Womance, sisterhood, sororité, les termes affluent et sont tous plus revêches les uns que les autres. Les amitiés féminines se passent de label. S’il en faut en un, je choisis celui-ci, la sororité dépravée. La sororité, c’est le terme qu’on attribue à l’entraide féminine, copié/collé de son homonyme masculin, fraternité, singé au sorority anglo-saxon, notion floue qui désigne aussi bien une attitude qu’un concept politique.
SORORITÉ DÉPRAVÉE
Les femmes échappent au labeling, à l’étiquetage grossier. Je prône aujourd’hui la sororité dépravée, sororité de l’impur, entraide guerrière, amitié terrible, celle observée entre les personnages féminins des films d’Almodovar – lien magnifique entre Carmen et Raimunda dans Volver (2006) – ou plus récemment dans l’excellent Diamant Brut (2024) d’Agathe Riedinger, deux sœurs pudiquement soudées, silencieusement unies dans la galère. Celle des femmes qui n’ont pas à se tenir la main pour se porter mutuellement.

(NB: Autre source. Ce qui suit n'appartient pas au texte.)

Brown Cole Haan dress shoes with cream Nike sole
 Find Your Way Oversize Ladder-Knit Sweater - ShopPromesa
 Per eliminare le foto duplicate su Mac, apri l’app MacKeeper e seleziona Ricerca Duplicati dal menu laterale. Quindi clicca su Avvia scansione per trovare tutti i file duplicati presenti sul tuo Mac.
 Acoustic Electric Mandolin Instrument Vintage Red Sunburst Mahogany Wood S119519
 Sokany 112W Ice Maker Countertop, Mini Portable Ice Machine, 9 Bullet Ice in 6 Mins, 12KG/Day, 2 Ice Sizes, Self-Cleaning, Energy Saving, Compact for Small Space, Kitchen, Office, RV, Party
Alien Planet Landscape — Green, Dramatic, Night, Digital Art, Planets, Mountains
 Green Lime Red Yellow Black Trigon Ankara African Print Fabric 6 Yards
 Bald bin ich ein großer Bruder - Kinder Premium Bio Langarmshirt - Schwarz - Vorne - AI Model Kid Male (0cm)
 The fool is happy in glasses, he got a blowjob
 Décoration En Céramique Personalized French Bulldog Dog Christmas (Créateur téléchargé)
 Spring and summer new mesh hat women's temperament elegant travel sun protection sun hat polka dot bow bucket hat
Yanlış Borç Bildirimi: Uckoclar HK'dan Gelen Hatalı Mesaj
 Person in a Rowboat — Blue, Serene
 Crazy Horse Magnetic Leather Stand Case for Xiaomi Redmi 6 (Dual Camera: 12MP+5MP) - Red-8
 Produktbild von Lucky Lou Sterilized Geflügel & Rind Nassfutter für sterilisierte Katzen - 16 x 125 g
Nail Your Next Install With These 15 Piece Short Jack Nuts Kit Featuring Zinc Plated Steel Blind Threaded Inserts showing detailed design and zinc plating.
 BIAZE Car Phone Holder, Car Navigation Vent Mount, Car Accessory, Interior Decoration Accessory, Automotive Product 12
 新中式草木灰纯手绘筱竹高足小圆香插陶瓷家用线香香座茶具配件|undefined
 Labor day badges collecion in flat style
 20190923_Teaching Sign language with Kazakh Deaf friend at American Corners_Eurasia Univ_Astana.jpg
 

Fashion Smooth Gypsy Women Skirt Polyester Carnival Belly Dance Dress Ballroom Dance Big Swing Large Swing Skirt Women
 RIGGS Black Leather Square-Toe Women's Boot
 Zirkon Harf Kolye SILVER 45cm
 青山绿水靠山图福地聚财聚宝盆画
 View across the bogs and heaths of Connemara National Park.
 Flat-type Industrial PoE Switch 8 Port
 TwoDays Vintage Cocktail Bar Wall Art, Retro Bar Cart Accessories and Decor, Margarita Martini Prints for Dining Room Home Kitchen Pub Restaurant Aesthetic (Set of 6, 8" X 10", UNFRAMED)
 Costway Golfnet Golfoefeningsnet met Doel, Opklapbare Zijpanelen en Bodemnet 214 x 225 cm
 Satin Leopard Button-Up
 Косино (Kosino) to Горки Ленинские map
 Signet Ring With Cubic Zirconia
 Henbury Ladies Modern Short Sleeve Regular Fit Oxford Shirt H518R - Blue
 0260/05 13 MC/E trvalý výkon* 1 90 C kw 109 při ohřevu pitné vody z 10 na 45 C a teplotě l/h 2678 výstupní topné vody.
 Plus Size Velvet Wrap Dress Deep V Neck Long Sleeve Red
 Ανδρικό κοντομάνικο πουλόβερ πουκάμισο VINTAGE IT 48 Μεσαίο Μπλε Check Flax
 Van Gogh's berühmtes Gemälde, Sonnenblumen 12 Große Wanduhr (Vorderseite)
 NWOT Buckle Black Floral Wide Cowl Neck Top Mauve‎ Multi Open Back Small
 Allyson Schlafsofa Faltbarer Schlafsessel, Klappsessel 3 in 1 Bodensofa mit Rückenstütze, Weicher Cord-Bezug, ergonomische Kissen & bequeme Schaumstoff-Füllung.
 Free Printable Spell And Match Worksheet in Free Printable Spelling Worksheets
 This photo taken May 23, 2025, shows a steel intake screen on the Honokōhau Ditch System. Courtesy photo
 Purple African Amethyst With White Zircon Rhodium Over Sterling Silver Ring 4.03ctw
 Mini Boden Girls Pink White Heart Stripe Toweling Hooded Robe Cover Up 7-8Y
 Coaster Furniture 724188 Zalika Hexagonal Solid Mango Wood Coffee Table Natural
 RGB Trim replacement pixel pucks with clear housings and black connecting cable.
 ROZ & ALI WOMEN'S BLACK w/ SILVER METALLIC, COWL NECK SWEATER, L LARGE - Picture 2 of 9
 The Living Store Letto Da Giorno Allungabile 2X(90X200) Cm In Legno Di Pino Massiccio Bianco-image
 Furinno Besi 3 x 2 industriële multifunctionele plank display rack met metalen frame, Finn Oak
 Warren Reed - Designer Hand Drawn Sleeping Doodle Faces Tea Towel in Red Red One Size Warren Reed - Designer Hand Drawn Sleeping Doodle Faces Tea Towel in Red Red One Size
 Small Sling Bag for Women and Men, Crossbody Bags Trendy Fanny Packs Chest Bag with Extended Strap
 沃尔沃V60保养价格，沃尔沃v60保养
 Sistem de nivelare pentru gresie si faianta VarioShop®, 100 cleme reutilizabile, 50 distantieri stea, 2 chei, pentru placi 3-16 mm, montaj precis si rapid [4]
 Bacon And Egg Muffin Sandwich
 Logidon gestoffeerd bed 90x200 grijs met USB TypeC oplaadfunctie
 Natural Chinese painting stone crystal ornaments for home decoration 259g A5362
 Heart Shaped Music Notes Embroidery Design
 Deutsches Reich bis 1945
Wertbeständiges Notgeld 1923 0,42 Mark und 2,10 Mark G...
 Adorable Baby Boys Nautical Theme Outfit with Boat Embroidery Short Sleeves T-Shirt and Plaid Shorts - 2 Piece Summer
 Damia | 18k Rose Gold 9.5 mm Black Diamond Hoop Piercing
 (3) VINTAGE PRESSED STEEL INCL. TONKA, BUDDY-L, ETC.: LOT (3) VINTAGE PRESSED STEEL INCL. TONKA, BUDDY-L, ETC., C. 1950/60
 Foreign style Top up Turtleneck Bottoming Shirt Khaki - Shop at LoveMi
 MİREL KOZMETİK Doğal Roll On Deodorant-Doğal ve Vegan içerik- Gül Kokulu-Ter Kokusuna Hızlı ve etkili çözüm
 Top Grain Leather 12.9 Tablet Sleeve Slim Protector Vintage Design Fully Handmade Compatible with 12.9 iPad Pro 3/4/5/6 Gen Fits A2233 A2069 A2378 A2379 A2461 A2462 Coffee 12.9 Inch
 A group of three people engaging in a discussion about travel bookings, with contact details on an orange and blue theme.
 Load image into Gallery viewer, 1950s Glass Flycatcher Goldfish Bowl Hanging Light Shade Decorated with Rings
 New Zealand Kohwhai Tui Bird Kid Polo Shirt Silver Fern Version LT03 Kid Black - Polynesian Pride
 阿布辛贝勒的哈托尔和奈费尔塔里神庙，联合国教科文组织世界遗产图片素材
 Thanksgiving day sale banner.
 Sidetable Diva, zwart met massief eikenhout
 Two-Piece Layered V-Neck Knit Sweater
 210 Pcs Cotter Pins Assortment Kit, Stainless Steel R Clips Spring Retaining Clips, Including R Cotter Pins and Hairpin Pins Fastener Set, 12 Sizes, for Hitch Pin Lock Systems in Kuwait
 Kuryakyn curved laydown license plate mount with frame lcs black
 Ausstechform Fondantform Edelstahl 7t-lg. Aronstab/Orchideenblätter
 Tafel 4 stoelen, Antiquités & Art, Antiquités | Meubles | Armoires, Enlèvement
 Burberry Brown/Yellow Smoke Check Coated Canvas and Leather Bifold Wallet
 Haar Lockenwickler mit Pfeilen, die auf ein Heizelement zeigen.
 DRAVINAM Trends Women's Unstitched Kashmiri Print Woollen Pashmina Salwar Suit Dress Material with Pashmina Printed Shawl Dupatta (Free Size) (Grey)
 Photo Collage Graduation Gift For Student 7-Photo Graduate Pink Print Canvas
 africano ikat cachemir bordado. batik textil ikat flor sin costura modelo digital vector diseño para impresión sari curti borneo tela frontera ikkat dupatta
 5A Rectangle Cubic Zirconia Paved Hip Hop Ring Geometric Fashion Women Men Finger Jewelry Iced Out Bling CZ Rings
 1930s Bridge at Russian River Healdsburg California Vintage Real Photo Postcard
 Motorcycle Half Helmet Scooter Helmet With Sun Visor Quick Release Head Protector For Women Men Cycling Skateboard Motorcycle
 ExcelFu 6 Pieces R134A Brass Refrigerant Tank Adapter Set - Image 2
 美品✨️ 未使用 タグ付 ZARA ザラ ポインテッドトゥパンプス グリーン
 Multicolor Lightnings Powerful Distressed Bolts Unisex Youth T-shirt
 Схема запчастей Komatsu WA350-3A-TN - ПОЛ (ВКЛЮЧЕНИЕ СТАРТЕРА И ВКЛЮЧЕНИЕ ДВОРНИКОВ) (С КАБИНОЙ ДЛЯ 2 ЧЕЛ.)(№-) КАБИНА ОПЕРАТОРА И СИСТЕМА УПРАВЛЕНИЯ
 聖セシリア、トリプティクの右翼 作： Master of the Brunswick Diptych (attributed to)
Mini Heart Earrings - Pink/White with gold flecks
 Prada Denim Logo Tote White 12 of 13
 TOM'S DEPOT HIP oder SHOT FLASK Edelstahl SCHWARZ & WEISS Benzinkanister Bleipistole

Les amitiés féminines sont tenaces et discrètes, elles se passent de check, de bro et de coups d’épaule. Les femmes assurent dans les moments critiques, se portent assistance dans les déménagements, les ruptures, se protègent mutuellement la nuit, s’accompagnent aux avortements. C’est elles, et seulement elles, que l’on appelle lors des crises de panique, des drames insurmontables, des épreuves de la vie. Il existe autant de solidarités qu’il existe de femmes, de la place précieusement gardée dans le métro à l’amie qui refuse de s’endormir tant que la sœur n’est pas rentrée.
J’appelle à un retour aux amitiés dissipées, aussi chastes que dévergondées, celle que partageait Colette avec Annie de Pène, Marguerite Moreno, Musidora. Quator infernal, jeux de jambes sous la table, longs silences : utopie érotique. Celles que nous décrivaient, avec leur inégalable talent de lesbiennes début de siècle, Mireille Havet ou Liane de Pougy dans leurs écrits sulfureux. Gang de femmes solidaires dans l’adversité, lucides, intraitables, carnassières, aux surnoms plus gracieux que nos relents anglo-saxons. « Ma libellule », « mon âme », « mon rayon de lune », c’est ainsi que Liane appelait ses chères et tendres.
ADOLESCENTES RADICALES
La sororité est une notion aseptisée, propre. J’appelle à un retour aux termes souillés, douteux, gourmands. L’amitié féminine est un terrain de subversion vertigineux. Au lieu d’empouvoirement, utilisons les jolis mots. Férocité, indiscipline.
Revendiquons la cruauté de chatte de Colette, remettons au goût du jour l’amitié intrigante, celle qui gronde en silence et ne baisse pas la garde. Inspirons-nous des sociétés de femmes méditerranéennes, vieilles femmes énervées, adolescentes radicales, cagoles, gorgones, sirènes. Langage impitoyable, place pleinement occupée, sororité dépravée. « La vraie amitié n’a pas besoin de mots pour venir en aide à l’autre. » Colette, évidemment.